The credit facility will mature on March 7, 2019. The credit facility contains certain financial, operational and legal covenants. The financial covenants are tested on a quarterly basis, based on the rolling four-quarter period that ends on the last day of each fiscal quarter, and include (i) maintaining a maximum consolidated leverage ratio (as defined in the credit facility, but generally computed as the ratio of consolidated funded indebtedness to consolidated earnings before interest, taxes, depreciation, amortization and certain other non-cash charges) of 4.00 to 1.00, provided that the maximum consolidated leverage ratio is 4.50 to 1.00 during an acquisition period (as defined in the credit facility) and (ii) maintaining a minimum consolidated interest coverage ratio (as defined in the credit facility, but generally computed
14
as the ratio of consolidated earnings before interest, taxes, depreciation, amortization and certain other non-cash charges to consolidated interest charges) of 2.50 to 1.00 at all times unless an investment grade event (as defined in the credit facility) occurs.
Borrowings under the credit facility bear interest, at our option, at either the Eurodollar Rate (the LIBOR Rate) plus an applicable margin or the Base Rate (the highest of the Federal Funds Rate plus 0.5%, the 30-day Eurodollar Rate plus 1.0%, or the administrative agent’s prime rate) plus an applicable margin. The applicable margins vary depending on our leverage ratio. Upon breach by us of certain covenants governing the credit facility, amounts outstanding under the credit facility, if any, may become due and payable immediately and the liens securing the credit facility could be foreclosed upon.
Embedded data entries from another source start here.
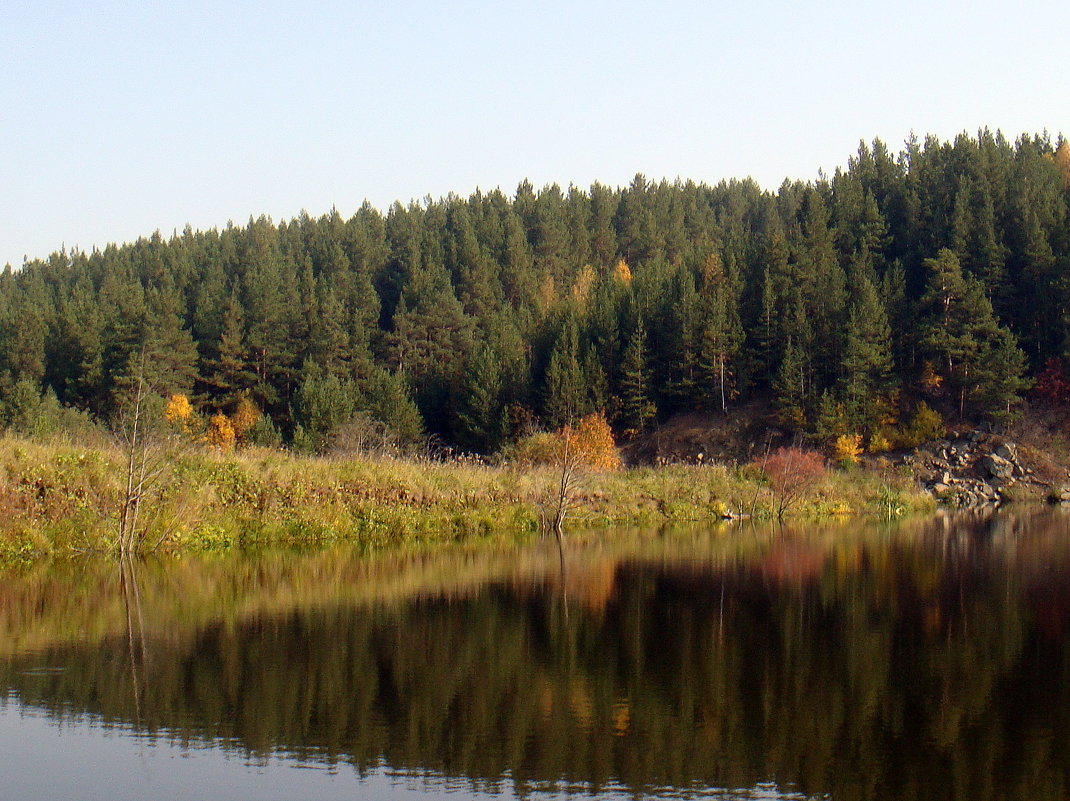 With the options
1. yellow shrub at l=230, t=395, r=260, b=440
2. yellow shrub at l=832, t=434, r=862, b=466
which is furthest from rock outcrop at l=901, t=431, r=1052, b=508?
yellow shrub at l=230, t=395, r=260, b=440

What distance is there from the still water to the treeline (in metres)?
39.2

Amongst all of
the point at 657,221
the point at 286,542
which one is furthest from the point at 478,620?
the point at 657,221

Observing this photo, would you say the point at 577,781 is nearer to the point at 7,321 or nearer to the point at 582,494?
the point at 582,494

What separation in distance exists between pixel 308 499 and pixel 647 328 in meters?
52.6

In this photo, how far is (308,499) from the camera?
29141 mm

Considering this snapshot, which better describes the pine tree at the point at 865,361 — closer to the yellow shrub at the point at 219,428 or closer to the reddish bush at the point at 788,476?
the reddish bush at the point at 788,476

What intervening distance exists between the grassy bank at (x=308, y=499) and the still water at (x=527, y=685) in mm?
2258

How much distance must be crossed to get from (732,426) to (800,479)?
100.0ft

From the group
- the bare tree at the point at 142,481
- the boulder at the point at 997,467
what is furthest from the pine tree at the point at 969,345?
the bare tree at the point at 142,481

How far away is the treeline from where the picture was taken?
69.8m

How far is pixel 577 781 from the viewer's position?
28.7 feet

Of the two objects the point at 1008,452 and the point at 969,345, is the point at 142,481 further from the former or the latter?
the point at 969,345

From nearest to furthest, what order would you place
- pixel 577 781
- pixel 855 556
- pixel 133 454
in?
1. pixel 577 781
2. pixel 133 454
3. pixel 855 556

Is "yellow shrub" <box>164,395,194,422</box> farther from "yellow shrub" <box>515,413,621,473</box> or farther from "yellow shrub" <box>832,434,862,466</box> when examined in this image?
"yellow shrub" <box>832,434,862,466</box> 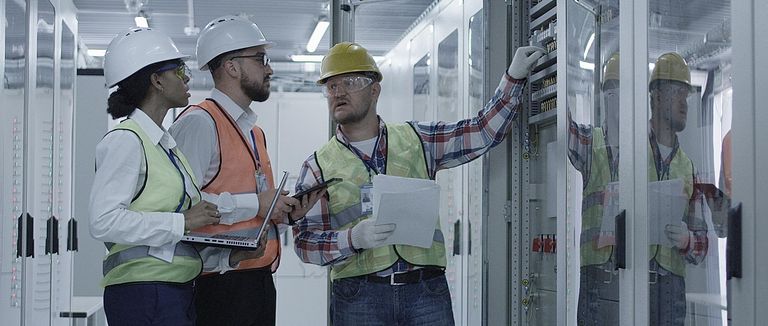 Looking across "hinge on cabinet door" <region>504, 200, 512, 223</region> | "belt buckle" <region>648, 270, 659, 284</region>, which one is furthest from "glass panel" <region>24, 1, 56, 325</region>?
"belt buckle" <region>648, 270, 659, 284</region>

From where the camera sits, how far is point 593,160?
10.9 feet

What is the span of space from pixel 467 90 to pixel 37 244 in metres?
2.29

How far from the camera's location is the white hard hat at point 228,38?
3.70 m

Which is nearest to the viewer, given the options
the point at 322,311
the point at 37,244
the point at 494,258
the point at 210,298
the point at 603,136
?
the point at 603,136

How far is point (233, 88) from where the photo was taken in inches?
146

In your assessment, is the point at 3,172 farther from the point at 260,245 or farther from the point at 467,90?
the point at 467,90

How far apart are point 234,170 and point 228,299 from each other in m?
0.45

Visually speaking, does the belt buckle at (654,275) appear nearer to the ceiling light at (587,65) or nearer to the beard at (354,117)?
the ceiling light at (587,65)

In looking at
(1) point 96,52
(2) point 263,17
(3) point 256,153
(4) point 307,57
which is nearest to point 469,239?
(3) point 256,153

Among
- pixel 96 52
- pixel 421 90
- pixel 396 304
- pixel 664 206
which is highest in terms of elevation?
pixel 96 52

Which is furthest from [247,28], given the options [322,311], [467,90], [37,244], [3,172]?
[322,311]

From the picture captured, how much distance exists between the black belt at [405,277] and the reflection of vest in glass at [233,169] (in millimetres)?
415

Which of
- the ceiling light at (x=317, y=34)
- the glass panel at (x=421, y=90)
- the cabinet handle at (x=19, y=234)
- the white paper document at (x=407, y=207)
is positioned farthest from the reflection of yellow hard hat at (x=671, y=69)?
the ceiling light at (x=317, y=34)

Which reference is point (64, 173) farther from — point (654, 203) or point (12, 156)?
point (654, 203) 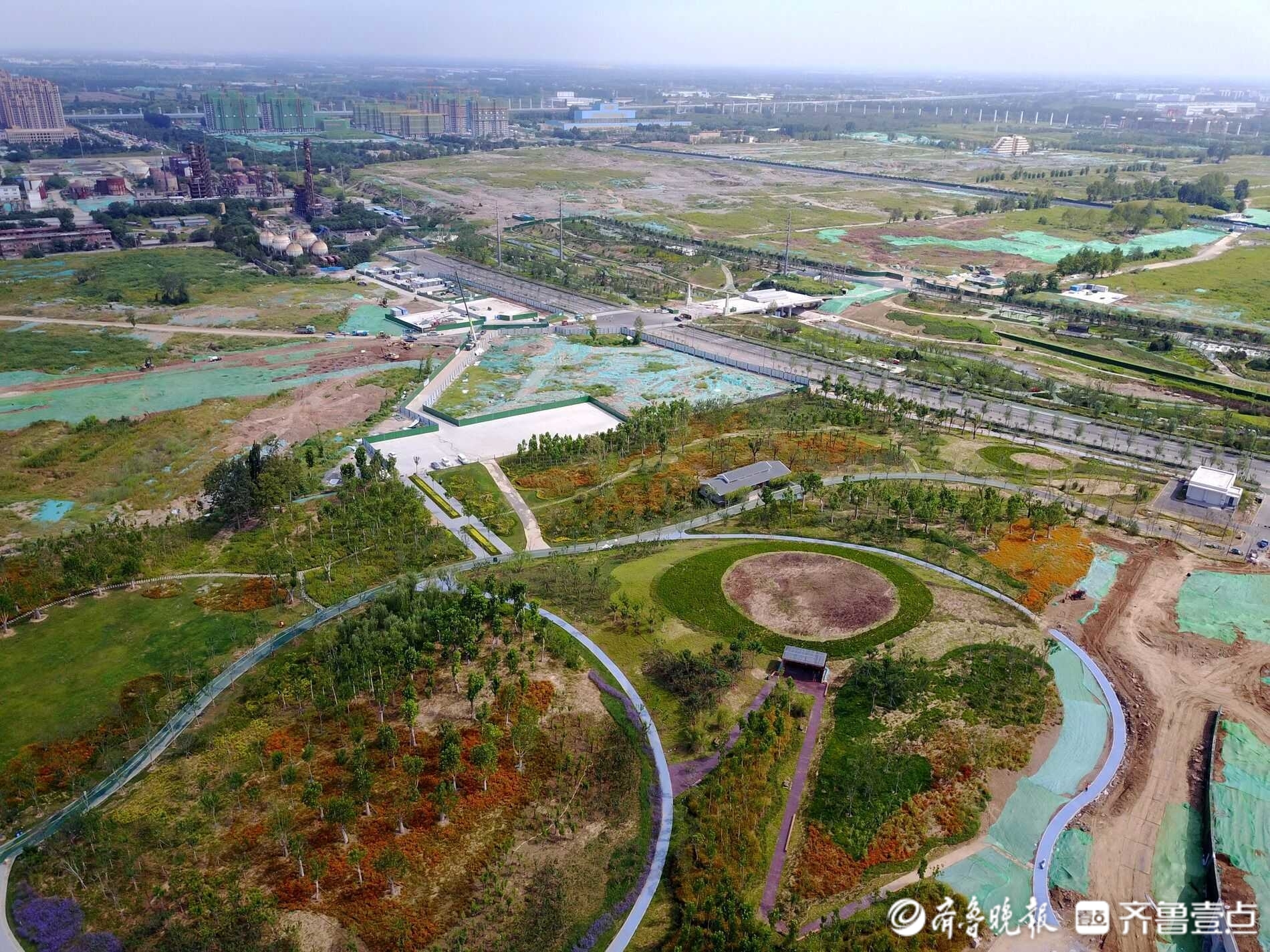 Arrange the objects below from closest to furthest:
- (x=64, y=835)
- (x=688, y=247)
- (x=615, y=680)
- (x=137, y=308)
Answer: (x=64, y=835) → (x=615, y=680) → (x=137, y=308) → (x=688, y=247)

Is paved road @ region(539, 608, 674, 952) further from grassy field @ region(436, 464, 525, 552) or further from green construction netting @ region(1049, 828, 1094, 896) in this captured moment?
green construction netting @ region(1049, 828, 1094, 896)

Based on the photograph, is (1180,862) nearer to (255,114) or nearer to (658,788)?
(658,788)

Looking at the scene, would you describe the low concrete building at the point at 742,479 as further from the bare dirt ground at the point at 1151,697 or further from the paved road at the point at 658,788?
the bare dirt ground at the point at 1151,697

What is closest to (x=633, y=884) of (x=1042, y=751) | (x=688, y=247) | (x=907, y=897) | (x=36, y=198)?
(x=907, y=897)

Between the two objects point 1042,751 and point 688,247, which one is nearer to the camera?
point 1042,751

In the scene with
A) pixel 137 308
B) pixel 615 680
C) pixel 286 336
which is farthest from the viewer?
pixel 137 308

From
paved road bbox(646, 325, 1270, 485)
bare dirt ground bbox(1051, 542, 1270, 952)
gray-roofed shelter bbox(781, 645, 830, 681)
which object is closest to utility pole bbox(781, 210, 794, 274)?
paved road bbox(646, 325, 1270, 485)

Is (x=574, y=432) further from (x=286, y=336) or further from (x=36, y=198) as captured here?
(x=36, y=198) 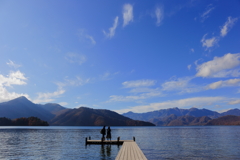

As of September 30, 2016 there was $23.1 million in outstanding borrowings under the credit facility, leaving approximately $226.9 million available for future borrowing based on the borrowing capacity of $250.0 million. The Company expects to be in compliance with all credit facility covenants for at least the next twelve months.
Partnership Credit Facility
The Partnership has a $1.5 billion unsecured revolving credit facility, which includes a $500.0 million letter of credit subfacility (the “Partnership credit facility”) that matures on March 6, 2020. Under the Partnership credit facility, the Partnership is permitted to, (1) subject to certain conditions and the receipt of additional commitments by one or more lenders, increase the aggregate commitments under the Partnership credit facility by an additional amount not to exceed $500.0 million and, (2) subject to certain conditions and the consent of the requisite lenders, on two separate occasions extend the maturity date of the Partnership credit facility by one year on each occasion. The Partnership credit facility contains certain financial, operational and legal covenants. Among other things, these covenants include maintaining a ratio of consolidated indebtedness to consolidated EBITDA (as defined in the Partnership credit facility, and includes projected EBITDA from certain capital expansion projects) of no more than 5.0 to 1.0. If the Partnership consummates one or more acquisitions in which the aggregate purchase price is $50.0 million or more, the maximum allowed ratio of consolidated indebtedness to consolidated EBITDA may be increased to 5.5 to 1.0 for the quarter of the acquisition and the three following quarters.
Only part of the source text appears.